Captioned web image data
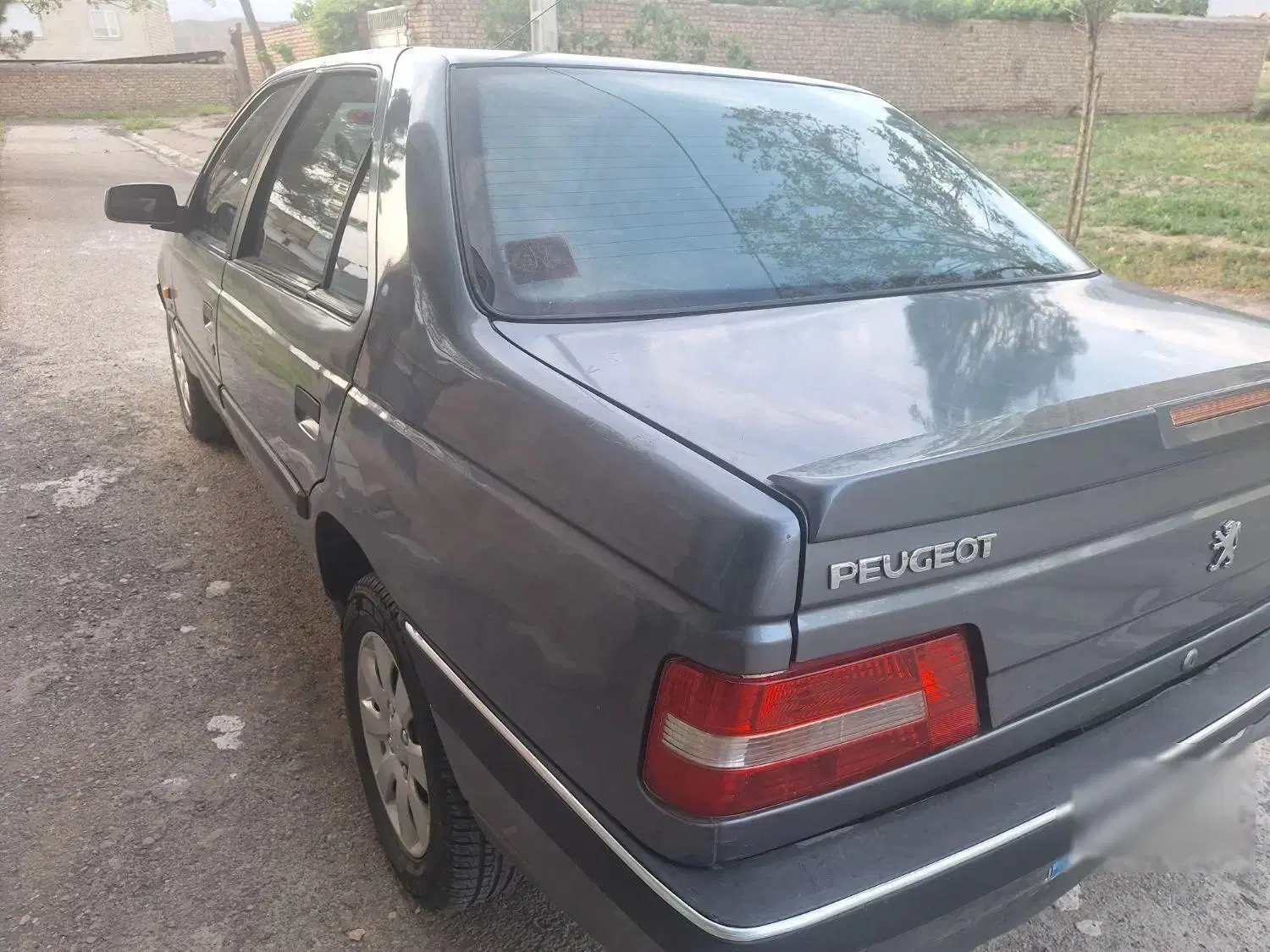 405slx|خودرو سواری و وانت|نیشابور, شهرک قدس|دیوار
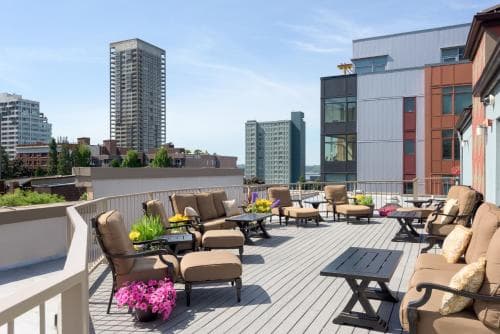 The Belltown Inn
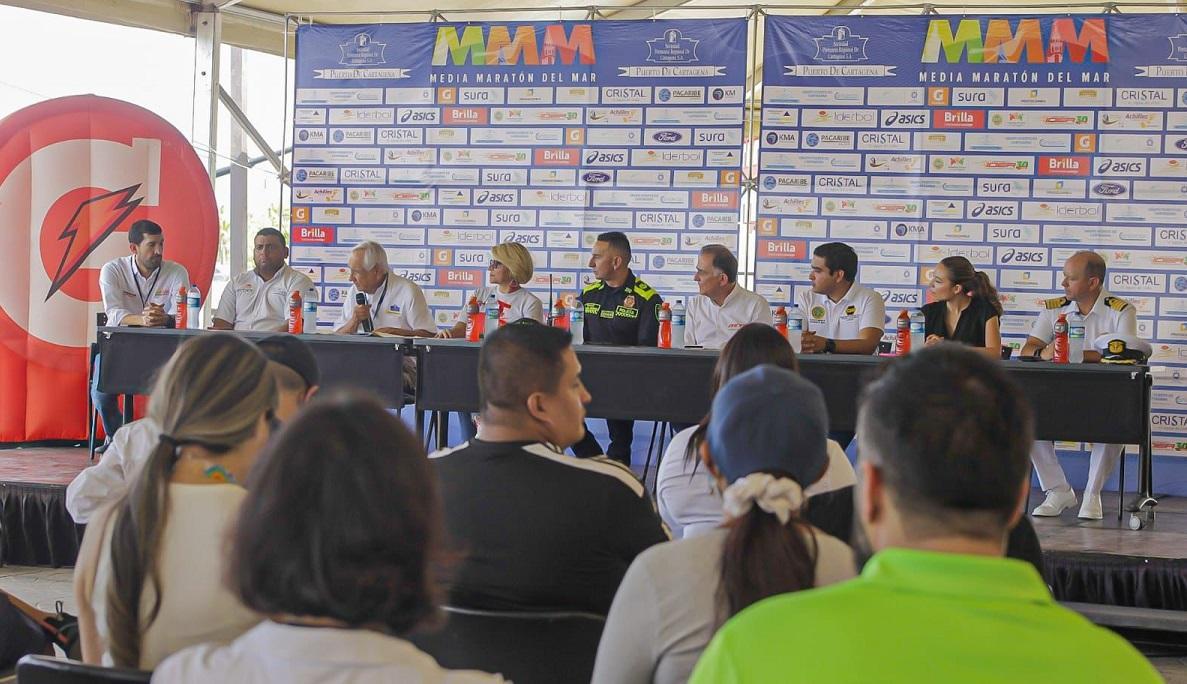 MEDIA MARATON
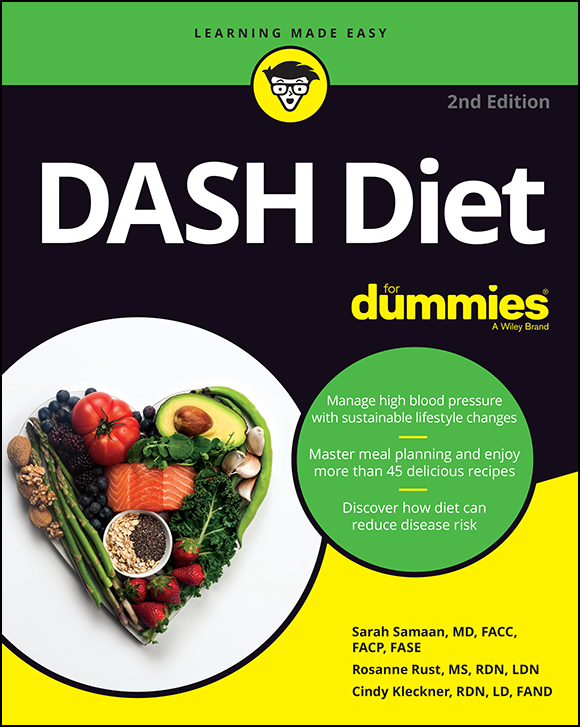 DASH Diet for Dummies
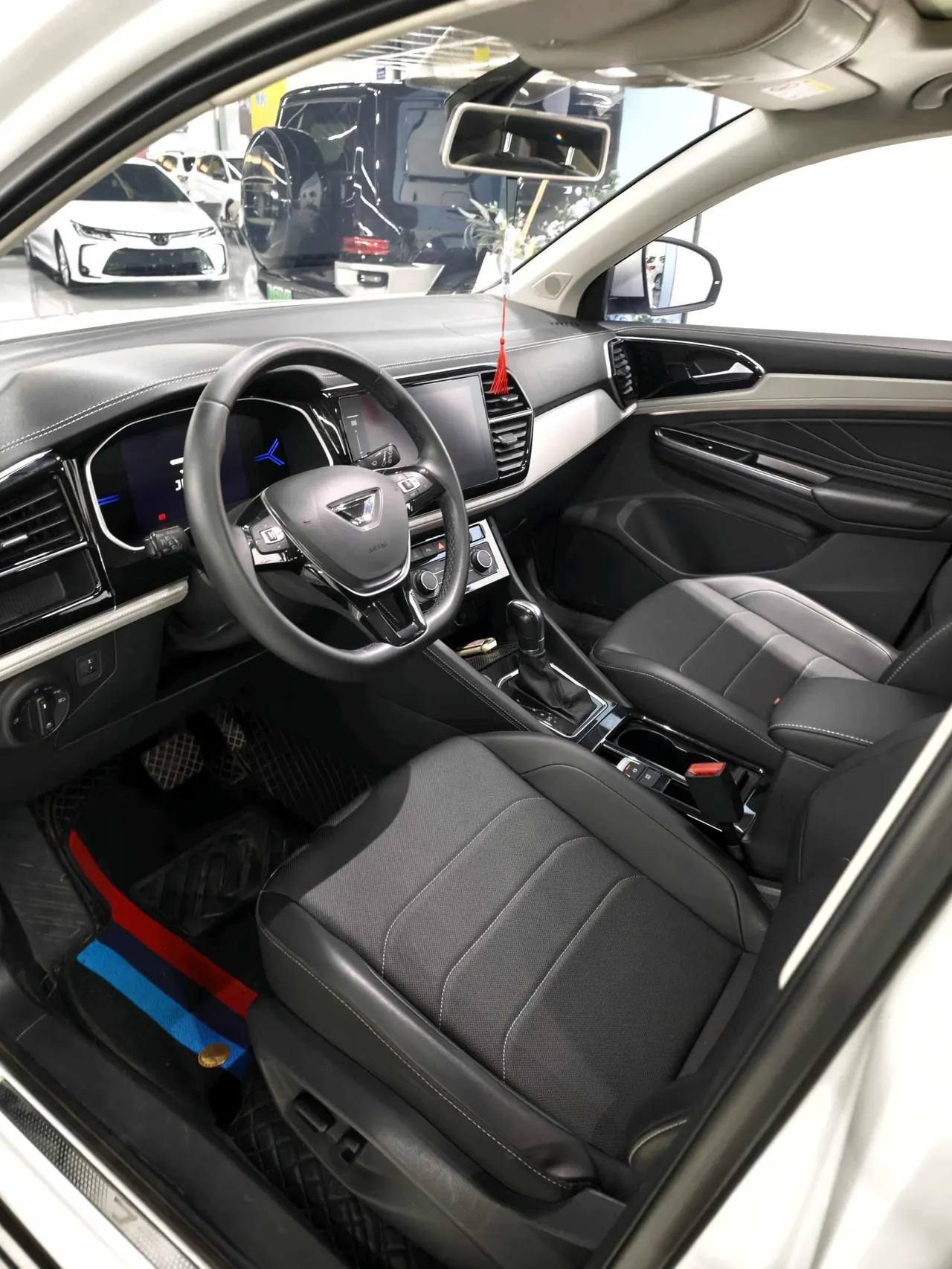 Jetta 2023 Jetta VS7 1.4T 280TSI Pleasant Edition Automatic Gear 4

**AIM OF THE EXERCISE:** Your answer must be an exact copy of the entries above, with no pictures in it.

**ANSWER TO THIS PROBLEM:**
 405slx|خودرو سواری و وانت|نیشابور, شهرک قدس|دیوار
 The Belltown Inn
 MEDIA MARATON
 DASH Diet for Dummies
 Jetta 2023 Jetta VS7 1.4T 280TSI Pleasant Edition Automatic Gear 4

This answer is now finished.